[red-knot] Fix bug where module resolution would not be invalidated if an entire package was deleted#12378
Conversation
|
| FilePathRef::System(path) => resolver.db.system().path_exists(&path.join("__init__.pyi")), | ||
| FilePathRef::Vendored(path) => resolver.db.vendored().exists(path.join("__init__.pyi")), | ||
| FilePathRef::System(path) => system_path_to_file(resolver.db.upcast(),path.join("__init__.pyi")).is_some(), | ||
| FilePathRef::Vendored(path) => vendored_path_to_file(resolver.db.upcast(), path.join("__init__.pyi")).is_some(), |
There was a problem hiding this comment.
Nit: We can use vendored().exists here because we know that the system is read only.

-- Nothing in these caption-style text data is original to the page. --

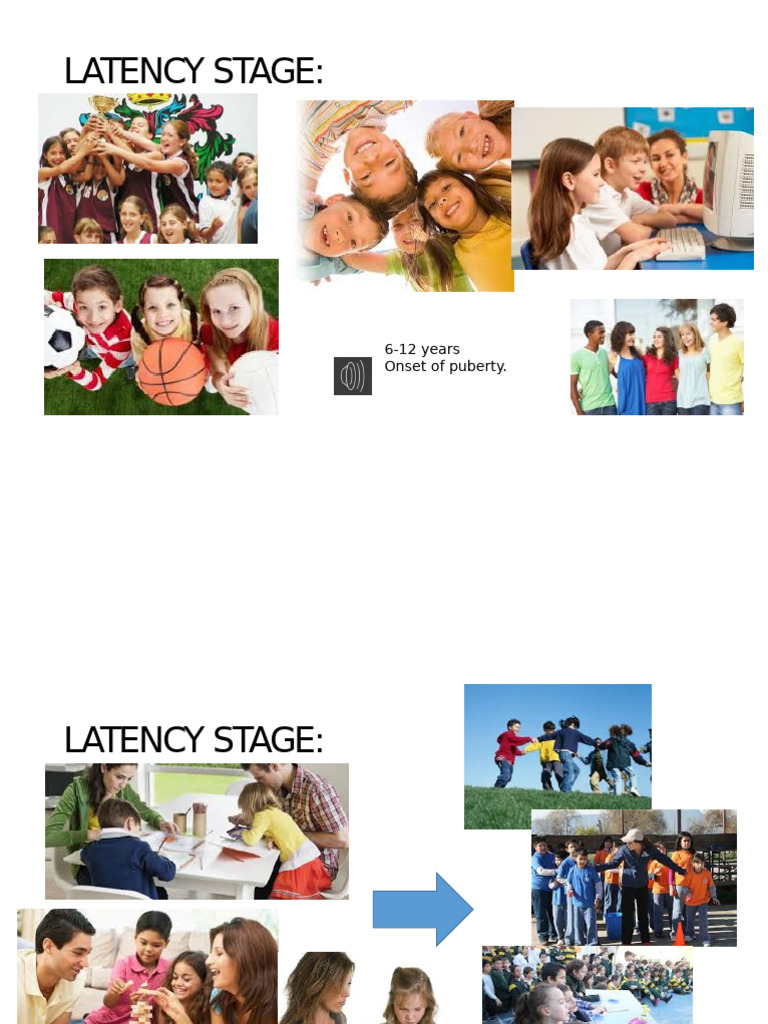 Latency Stage - Freud | PDF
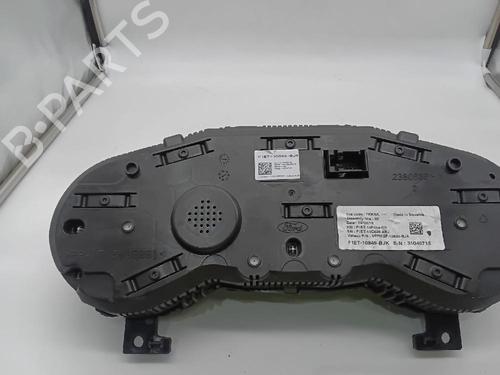 Instrument cluster FORD FOCUS III  | BP27587494C47 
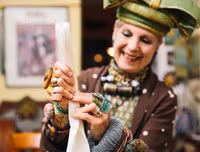 [ẢNH] Những phụ kiện thời trang lạ mắt, được 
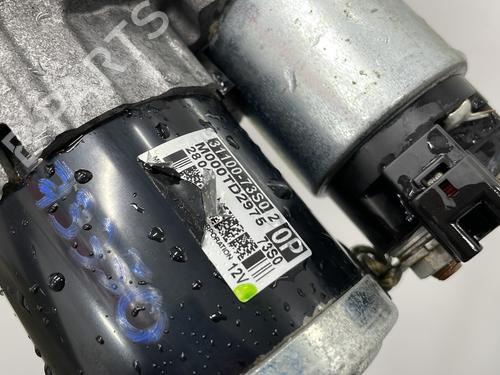 Starter SUZUKI SWIFT V (AZ) 1.2 Hybrid (Mild Hybrid) (A2L412) | BP23780573M8 - Image 2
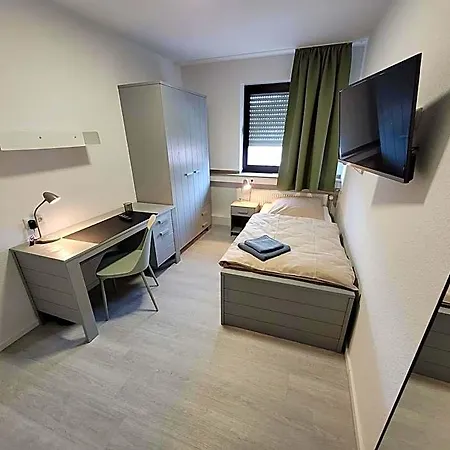Wi Apart-hotel *
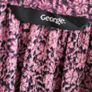 George boho dress Sz 12 Image 3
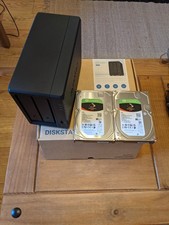 Synology DiskStation DS720+ 2 Bay NAS 6GB RAM No Disks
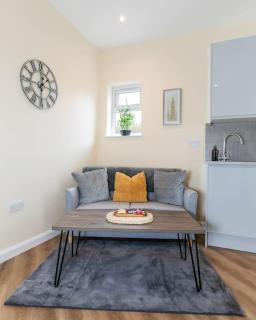 Ealing Haven - 1 Bedroom Flat, Solo Travellers - Greenford - 4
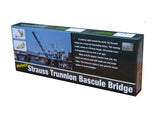 Strauss Trunnion Bascule Bridge Wooden Kit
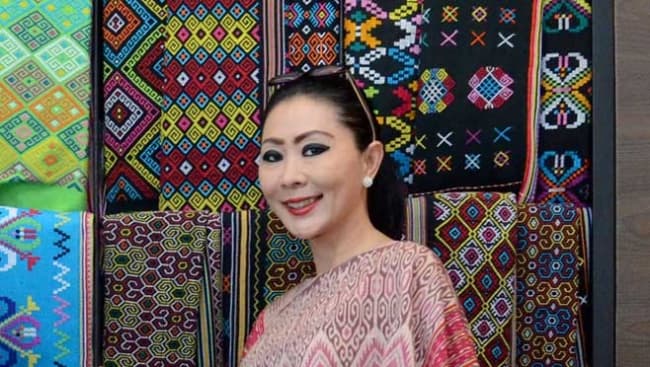 印尼议员朱莉·莱斯科达特：接受东帝汶总统授勋深感荣幸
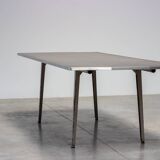Friso Kramer for Ahrend de Cirkel Industrial table Ocatgon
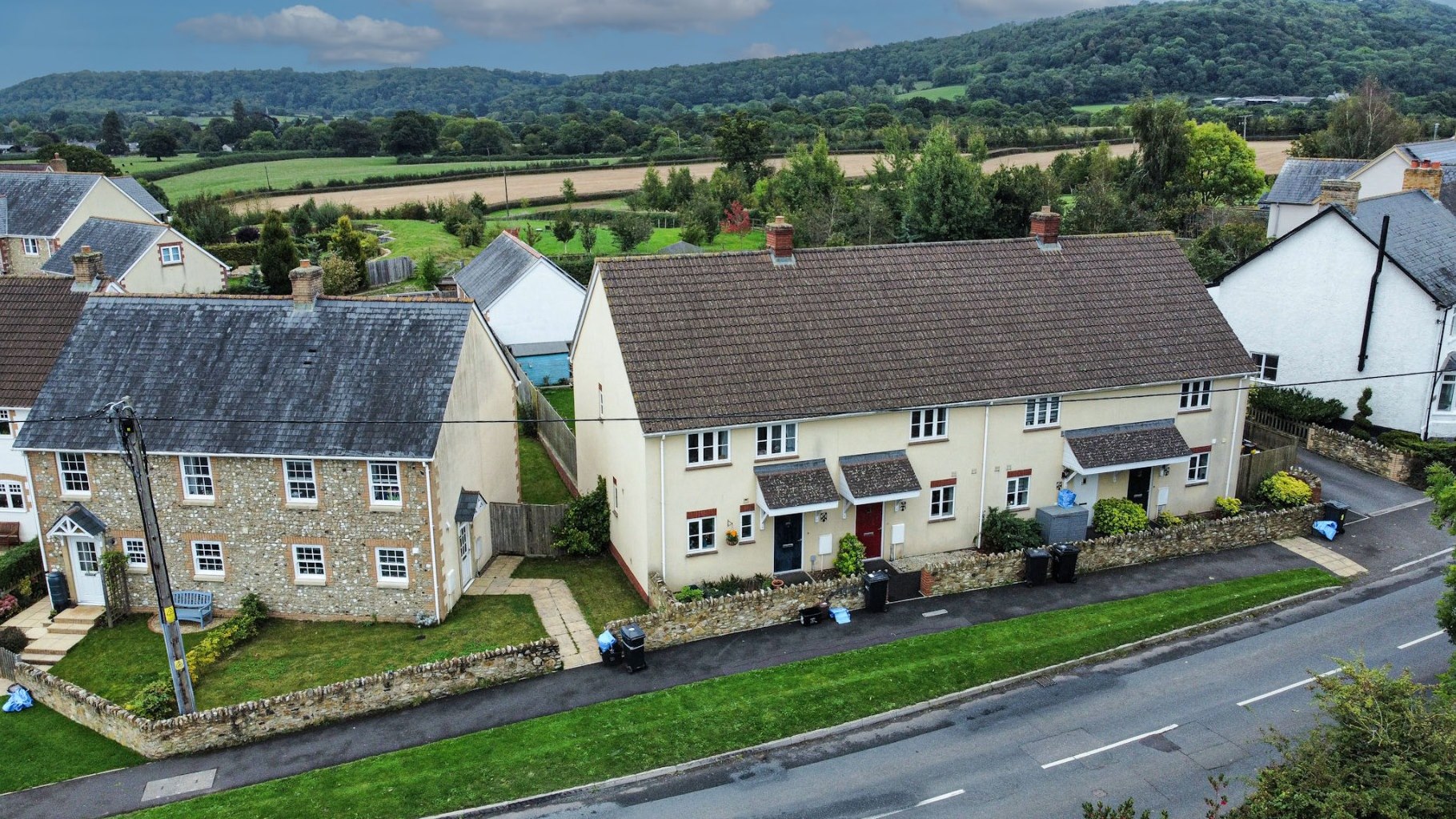 2 bedroom Terraced House Let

There was a problem hiding this comment.
I wondered about this. In what situation should we use vendored_path_to_file()?
There was a problem hiding this comment.
In cases where we need a File, for example because we have to pass it to source_text
There was a problem hiding this comment.
Right -- but if we know it's immutable, maybe we should just be calling vendored.read-to_string() instead of source_text() to get the source text -- the same argument applies, no? (Not trying to be argumentative, just curious!)
There was a problem hiding this comment.
It depends. Not if it is a Python file, because calling source_text then has the benefit that we read the vendored python file exactly once instead of multiple times (file.read_to_string is not cached).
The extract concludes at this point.